## TASK DETAILS
Your copy should match the entries exactly, except that it holds no pictures.

## Records contained in a dataset

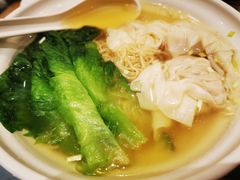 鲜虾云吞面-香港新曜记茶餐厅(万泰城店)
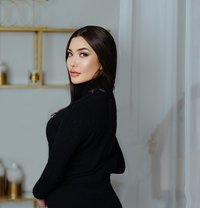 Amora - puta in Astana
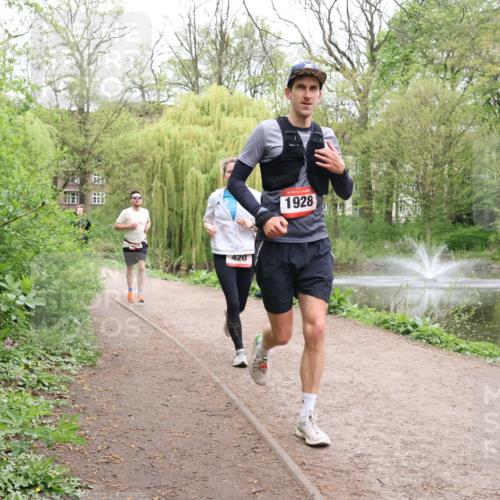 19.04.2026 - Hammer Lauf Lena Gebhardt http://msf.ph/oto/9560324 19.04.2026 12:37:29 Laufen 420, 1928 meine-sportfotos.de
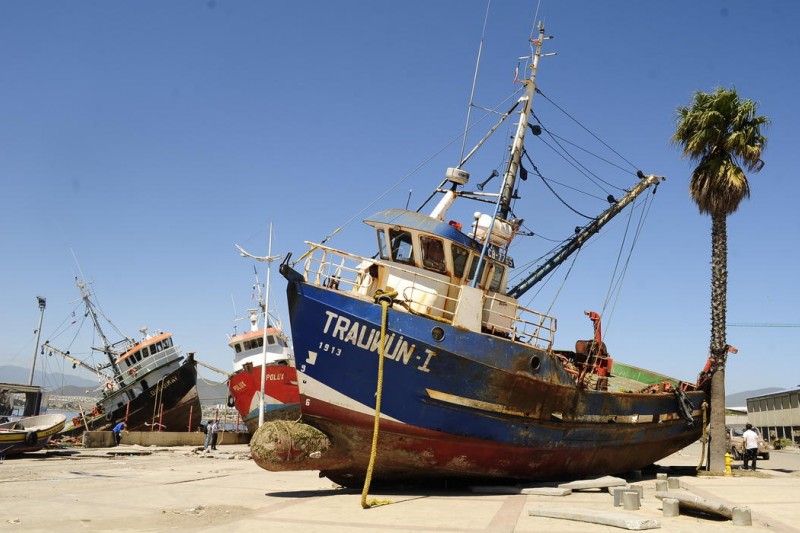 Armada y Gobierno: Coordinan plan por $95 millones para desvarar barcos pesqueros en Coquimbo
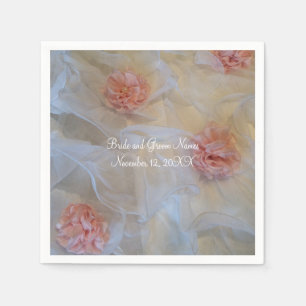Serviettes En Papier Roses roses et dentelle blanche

## EXPECTED OUTPUT
 鲜虾云吞面-香港新曜记茶餐厅(万泰城店)
 Amora - puta in Astana
 19.04.2026 - Hammer Lauf Lena Gebhardt http://msf.ph/oto/9560324 19.04.2026 12:37:29 Laufen 420, 1928 meine-sportfotos.de
 Armada y Gobierno: Coordinan plan por $95 millones para desvarar barcos pesqueros en Coquimbo
Serviettes En Papier Roses roses et dentelle blanche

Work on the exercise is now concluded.